JOEL ROSE, BYLINE: Even before Sandy made landfall four weeks ago, the damage estimates were measured in the billions of dollars, and they've been rising steadily ever since. Two weeks ago, New York Governor Andrew Cuomo turned heads when he suggested the state would ask for more than $30 billion in federal aid. Now, Cuomo is openly comparing the storm to the most expensive hurricane in U.S. history: Katrina.
GOVERNOR ANDREW CUOMO: I think you're going to have a very strong case on the numbers that Hurricane Sandy was more impactful from a specific housing economic development point of view than Hurricane Katrina.
ROSE: Governor Cuomo emerged from a meeting with New York's congressional delegation today with lots of numbers about Sandy: 11 tunnels flooded, two million customers without power, 265,000 businesses affected. But the number that caught everyone's attention was 42, as in $42 billion. As what Cuomo is asking Congress to appropriate to help New York rebuild from Sandy and to prepare for the next megastorm.
CUOMO: The taxpayers of New York cannot shoulder this burden, and I don't think it's fair to ask them to shoulder this burden. This state and this region of the country have always been there to support other regions of the country when they needed help. Well, we need help today.
ROSE: Cuomo points out that Congress allocated hundreds of billions over the years to help Florida and the Gulf Coast recover from past hurricanes. And he's not the only governor looking to the federal government for help with the recovery from Sandy. Last week, New Jersey Governor Chris Christie said his state suffered $29 billion worth of damage in the storm. Christie, who's a Republican, and Cuomo, who's a Democrat, say they're planning to work together on a bipartisan request to Congress. But that may still be a tough sell in the midst of contentious negotiations in Washington over how to avoid the so-called fiscal cliff and reign in the federal deficit.

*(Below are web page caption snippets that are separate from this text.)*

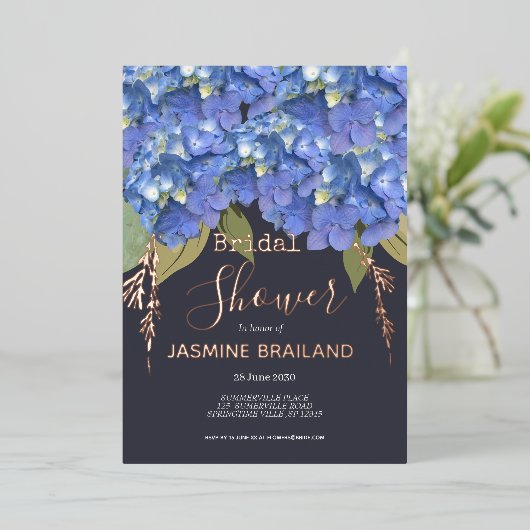 Blue Hydrangea Blooms Gepersonaliseerd Vrijgezelle Folie Uitnodiging (Staand Voorkant)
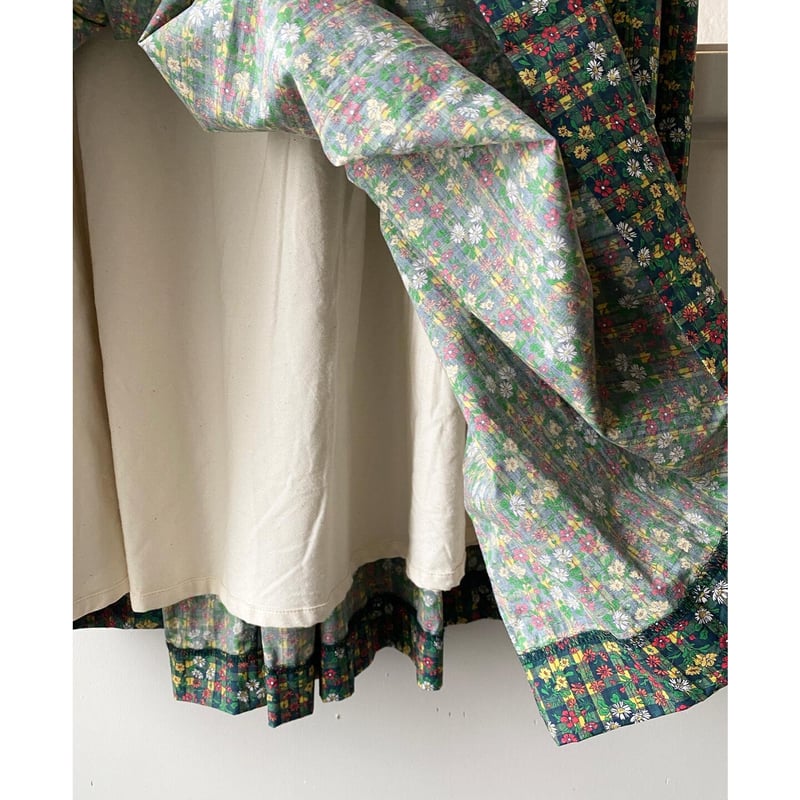 YAECA [ WRITE ] WOMENS タックスカート (LIBERTY)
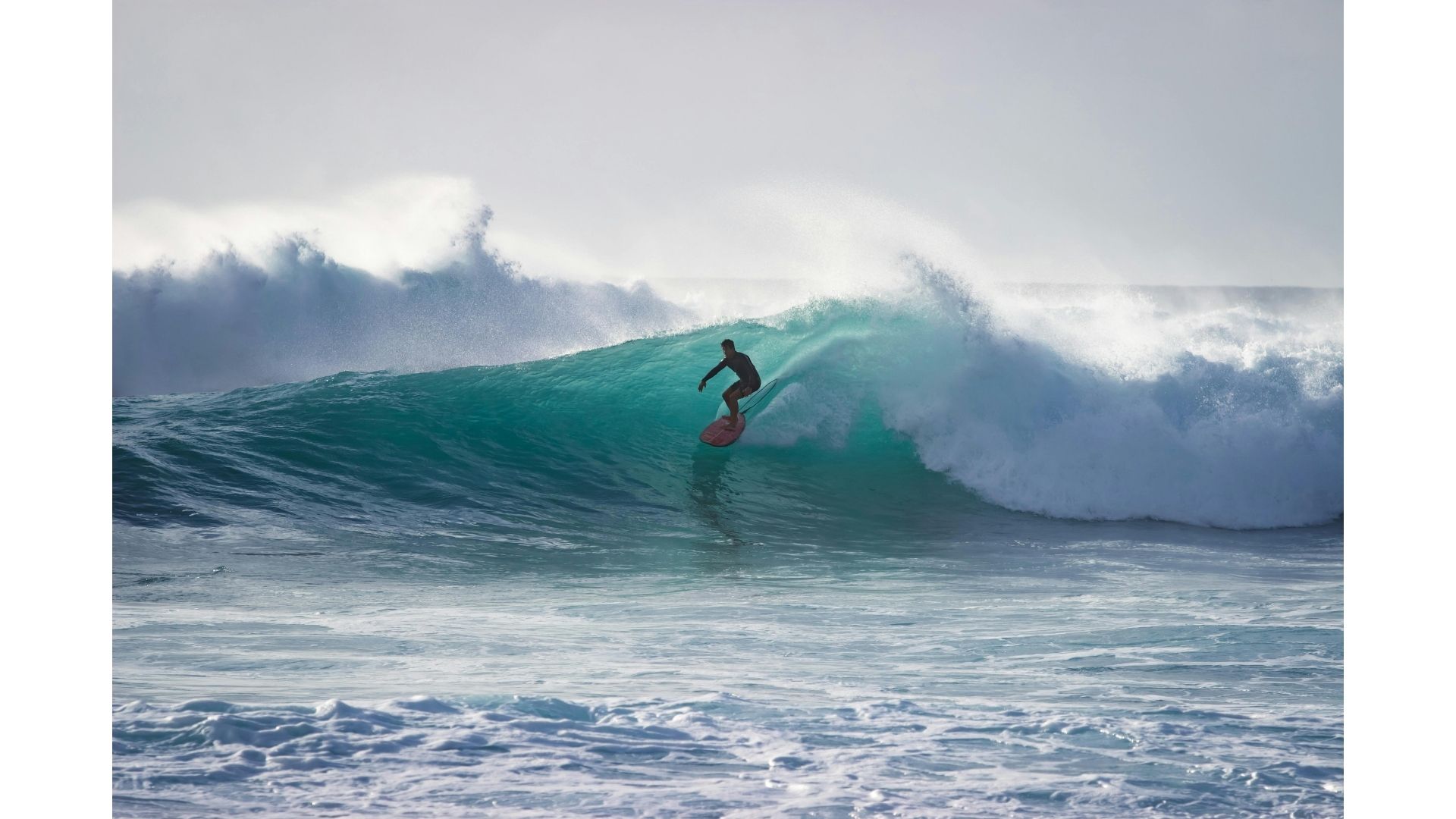 Surfista recorriendo una ola grande en las playas del este de la isla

TAD DEHAVEN: The idea that Congress is just going to send $40 billion to New York and not ask any questions is absurd.
ROSE: Tad DeHaven is a budget analyst at the Cato Institute. He doesn't blame Governor Cuomo for aiming high. But DeHaven questions whether all of that spending is really necessary for the region's recovery.
DEHAVEN: If based on the price tag, he's probably going to be including a lot of extras that one could probably quibble with whether it's, you know, truly a result of the hurricane or if it's using the hurricane as an excuse to pay for things that you'd rather have Uncle Sam pay you for.
ROSE: DeHaven suspects Cuomo's request is the beginning of a negotiation with Congress. Though, Cuomo says the damage estimate from Sandy is only likely to go up at this point, not down. Joel Rose, NPR News, New York.